**Material to process:**
====
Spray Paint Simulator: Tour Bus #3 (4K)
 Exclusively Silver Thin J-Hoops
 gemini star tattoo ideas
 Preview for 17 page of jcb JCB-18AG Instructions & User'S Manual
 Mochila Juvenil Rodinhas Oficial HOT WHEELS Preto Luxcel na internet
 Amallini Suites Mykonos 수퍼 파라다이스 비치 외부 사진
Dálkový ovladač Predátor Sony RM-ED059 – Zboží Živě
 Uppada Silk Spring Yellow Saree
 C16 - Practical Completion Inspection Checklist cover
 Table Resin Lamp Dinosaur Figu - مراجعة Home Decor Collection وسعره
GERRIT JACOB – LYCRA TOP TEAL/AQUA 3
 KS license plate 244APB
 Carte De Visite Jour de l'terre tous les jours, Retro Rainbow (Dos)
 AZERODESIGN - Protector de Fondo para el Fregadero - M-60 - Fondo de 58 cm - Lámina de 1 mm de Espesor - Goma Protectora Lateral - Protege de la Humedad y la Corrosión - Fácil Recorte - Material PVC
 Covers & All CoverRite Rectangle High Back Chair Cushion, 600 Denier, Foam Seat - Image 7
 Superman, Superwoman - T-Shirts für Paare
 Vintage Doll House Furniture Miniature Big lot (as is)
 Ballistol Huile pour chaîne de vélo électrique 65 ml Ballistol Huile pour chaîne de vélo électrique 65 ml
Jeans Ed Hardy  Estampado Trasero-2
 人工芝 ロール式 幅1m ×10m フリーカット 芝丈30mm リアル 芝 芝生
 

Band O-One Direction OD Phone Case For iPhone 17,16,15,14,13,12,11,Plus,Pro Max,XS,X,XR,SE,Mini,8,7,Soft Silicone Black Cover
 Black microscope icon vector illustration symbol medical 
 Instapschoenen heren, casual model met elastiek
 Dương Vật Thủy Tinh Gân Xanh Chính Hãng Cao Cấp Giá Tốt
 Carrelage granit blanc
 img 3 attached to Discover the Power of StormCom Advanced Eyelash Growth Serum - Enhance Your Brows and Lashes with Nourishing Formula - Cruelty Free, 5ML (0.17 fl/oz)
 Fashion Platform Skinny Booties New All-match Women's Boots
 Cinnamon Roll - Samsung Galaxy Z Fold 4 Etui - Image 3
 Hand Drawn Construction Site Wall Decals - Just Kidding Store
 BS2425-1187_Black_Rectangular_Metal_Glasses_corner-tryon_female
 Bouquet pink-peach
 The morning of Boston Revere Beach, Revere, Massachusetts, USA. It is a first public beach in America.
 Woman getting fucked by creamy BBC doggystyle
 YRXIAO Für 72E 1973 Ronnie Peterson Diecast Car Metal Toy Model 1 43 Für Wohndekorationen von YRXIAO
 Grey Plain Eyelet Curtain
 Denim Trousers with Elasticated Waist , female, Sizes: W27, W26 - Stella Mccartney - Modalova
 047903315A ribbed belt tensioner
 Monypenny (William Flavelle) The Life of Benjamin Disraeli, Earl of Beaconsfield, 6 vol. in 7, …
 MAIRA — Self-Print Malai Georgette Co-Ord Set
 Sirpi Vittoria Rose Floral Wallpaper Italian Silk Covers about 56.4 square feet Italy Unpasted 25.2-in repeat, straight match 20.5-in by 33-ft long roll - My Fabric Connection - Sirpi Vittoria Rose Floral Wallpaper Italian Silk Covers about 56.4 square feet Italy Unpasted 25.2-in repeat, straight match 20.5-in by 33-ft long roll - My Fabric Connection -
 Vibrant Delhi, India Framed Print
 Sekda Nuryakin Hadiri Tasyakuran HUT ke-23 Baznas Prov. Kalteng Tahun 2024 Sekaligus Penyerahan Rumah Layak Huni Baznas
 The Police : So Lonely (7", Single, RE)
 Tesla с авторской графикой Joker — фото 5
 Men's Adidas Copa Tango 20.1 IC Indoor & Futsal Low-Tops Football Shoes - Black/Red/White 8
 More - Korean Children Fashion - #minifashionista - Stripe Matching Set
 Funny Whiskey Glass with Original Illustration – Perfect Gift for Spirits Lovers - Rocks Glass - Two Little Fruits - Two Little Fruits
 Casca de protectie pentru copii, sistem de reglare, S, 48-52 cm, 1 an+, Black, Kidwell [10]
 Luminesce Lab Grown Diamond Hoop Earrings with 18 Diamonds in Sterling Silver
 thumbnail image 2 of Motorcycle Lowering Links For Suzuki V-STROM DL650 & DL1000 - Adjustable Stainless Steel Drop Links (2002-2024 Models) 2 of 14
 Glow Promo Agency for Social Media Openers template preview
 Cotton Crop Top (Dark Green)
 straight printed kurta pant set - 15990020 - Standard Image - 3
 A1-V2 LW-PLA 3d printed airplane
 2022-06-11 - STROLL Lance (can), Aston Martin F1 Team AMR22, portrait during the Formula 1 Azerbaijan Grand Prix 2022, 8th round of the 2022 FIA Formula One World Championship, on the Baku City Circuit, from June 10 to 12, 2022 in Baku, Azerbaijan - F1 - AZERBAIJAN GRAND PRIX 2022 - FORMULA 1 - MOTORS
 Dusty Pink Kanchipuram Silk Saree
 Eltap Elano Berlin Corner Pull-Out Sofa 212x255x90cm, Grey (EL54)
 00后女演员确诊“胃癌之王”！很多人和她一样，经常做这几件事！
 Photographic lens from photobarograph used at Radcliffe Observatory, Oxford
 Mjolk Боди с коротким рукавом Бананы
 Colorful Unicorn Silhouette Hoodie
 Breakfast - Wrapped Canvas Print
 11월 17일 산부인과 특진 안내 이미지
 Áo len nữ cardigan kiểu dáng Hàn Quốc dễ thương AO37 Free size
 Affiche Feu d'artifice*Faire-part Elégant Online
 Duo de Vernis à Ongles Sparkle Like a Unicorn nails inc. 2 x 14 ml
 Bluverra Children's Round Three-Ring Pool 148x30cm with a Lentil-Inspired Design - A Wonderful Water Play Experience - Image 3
====
**Required work:** Every entry above should be written out again, precisely.

**Result of this task:**
Spray Paint Simulator: Tour Bus #3 (4K)
 Exclusively Silver Thin J-Hoops
 gemini star tattoo ideas
 Preview for 17 page of jcb JCB-18AG Instructions & User'S Manual
 Mochila Juvenil Rodinhas Oficial HOT WHEELS Preto Luxcel na internet
 Amallini Suites Mykonos 수퍼 파라다이스 비치 외부 사진
Dálkový ovladač Predátor Sony RM-ED059 – Zboží Živě
 Uppada Silk Spring Yellow Saree
 C16 - Practical Completion Inspection Checklist cover
 Table Resin Lamp Dinosaur Figu - مراجعة Home Decor Collection وسعره
GERRIT JACOB – LYCRA TOP TEAL/AQUA 3
 KS license plate 244APB
 Carte De Visite Jour de l'terre tous les jours, Retro Rainbow (Dos)
 AZERODESIGN - Protector de Fondo para el Fregadero - M-60 - Fondo de 58 cm - Lámina de 1 mm de Espesor - Goma Protectora Lateral - Protege de la Humedad y la Corrosión - Fácil Recorte - Material PVC
 Covers & All CoverRite Rectangle High Back Chair Cushion, 600 Denier, Foam Seat - Image 7
 Superman, Superwoman - T-Shirts für Paare
 Vintage Doll House Furniture Miniature Big lot (as is)
 Ballistol Huile pour chaîne de vélo électrique 65 ml Ballistol Huile pour chaîne de vélo électrique 65 ml
Jeans Ed Hardy  Estampado Trasero-2
 人工芝 ロール式 幅1m ×10m フリーカット 芝丈30mm リアル 芝 芝生
 

Band O-One Direction OD Phone Case For iPhone 17,16,15,14,13,12,11,Plus,Pro Max,XS,X,XR,SE,Mini,8,7,Soft Silicone Black Cover
 Black microscope icon vector illustration symbol medical 
 Instapschoenen heren, casual model met elastiek
 Dương Vật Thủy Tinh Gân Xanh Chính Hãng Cao Cấp Giá Tốt
 Carrelage granit blanc
 img 3 attached to Discover the Power of StormCom Advanced Eyelash Growth Serum - Enhance Your Brows and Lashes with Nourishing Formula - Cruelty Free, 5ML (0.17 fl/oz)
 Fashion Platform Skinny Booties New All-match Women's Boots
 Cinnamon Roll - Samsung Galaxy Z Fold 4 Etui - Image 3
 Hand Drawn Construction Site Wall Decals - Just Kidding Store
 BS2425-1187_Black_Rectangular_Metal_Glasses_corner-tryon_female
 Bouquet pink-peach
 The morning of Boston Revere Beach, Revere, Massachusetts, USA. It is a first public beach in America.
 Woman getting fucked by creamy BBC doggystyle
 YRXIAO Für 72E 1973 Ronnie Peterson Diecast Car Metal Toy Model 1 43 Für Wohndekorationen von YRXIAO
 Grey Plain Eyelet Curtain
 Denim Trousers with Elasticated Waist , female, Sizes: W27, W26 - Stella Mccartney - Modalova
 047903315A ribbed belt tensioner
 Monypenny (William Flavelle) The Life of Benjamin Disraeli, Earl of Beaconsfield, 6 vol. in 7, …
 MAIRA — Self-Print Malai Georgette Co-Ord Set
 Sirpi Vittoria Rose Floral Wallpaper Italian Silk Covers about 56.4 square feet Italy Unpasted 25.2-in repeat, straight match 20.5-in by 33-ft long roll - My Fabric Connection - Sirpi Vittoria Rose Floral Wallpaper Italian Silk Covers about 56.4 square feet Italy Unpasted 25.2-in repeat, straight match 20.5-in by 33-ft long roll - My Fabric Connection -
 Vibrant Delhi, India Framed Print
 Sekda Nuryakin Hadiri Tasyakuran HUT ke-23 Baznas Prov. Kalteng Tahun 2024 Sekaligus Penyerahan Rumah Layak Huni Baznas
 The Police : So Lonely (7", Single, RE)
 Tesla с авторской графикой Joker — фото 5
 Men's Adidas Copa Tango 20.1 IC Indoor & Futsal Low-Tops Football Shoes - Black/Red/White 8
 More - Korean Children Fashion - #minifashionista - Stripe Matching Set
 Funny Whiskey Glass with Original Illustration – Perfect Gift for Spirits Lovers - Rocks Glass - Two Little Fruits - Two Little Fruits
 Casca de protectie pentru copii, sistem de reglare, S, 48-52 cm, 1 an+, Black, Kidwell [10]
 Luminesce Lab Grown Diamond Hoop Earrings with 18 Diamonds in Sterling Silver
 thumbnail image 2 of Motorcycle Lowering Links For Suzuki V-STROM DL650 & DL1000 - Adjustable Stainless Steel Drop Links (2002-2024 Models) 2 of 14
 Glow Promo Agency for Social Media Openers template preview
 Cotton Crop Top (Dark Green)
 straight printed kurta pant set - 15990020 - Standard Image - 3
 A1-V2 LW-PLA 3d printed airplane
 2022-06-11 - STROLL Lance (can), Aston Martin F1 Team AMR22, portrait during the Formula 1 Azerbaijan Grand Prix 2022, 8th round of the 2022 FIA Formula One World Championship, on the Baku City Circuit, from June 10 to 12, 2022 in Baku, Azerbaijan - F1 - AZERBAIJAN GRAND PRIX 2022 - FORMULA 1 - MOTORS
 Dusty Pink Kanchipuram Silk Saree
 Eltap Elano Berlin Corner Pull-Out Sofa 212x255x90cm, Grey (EL54)
 00后女演员确诊“胃癌之王”！很多人和她一样，经常做这几件事！
 Photographic lens from photobarograph used at Radcliffe Observatory, Oxford
 Mjolk Боди с коротким рукавом Бананы
 Colorful Unicorn Silhouette Hoodie
 Breakfast - Wrapped Canvas Print
 11월 17일 산부인과 특진 안내 이미지
 Áo len nữ cardigan kiểu dáng Hàn Quốc dễ thương AO37 Free size
 Affiche Feu d'artifice*Faire-part Elégant Online
 Duo de Vernis à Ongles Sparkle Like a Unicorn nails inc. 2 x 14 ml
 Bluverra Children's Round Three-Ring Pool 148x30cm with a Lentil-Inspired Design - A Wonderful Water Play Experience - Image 3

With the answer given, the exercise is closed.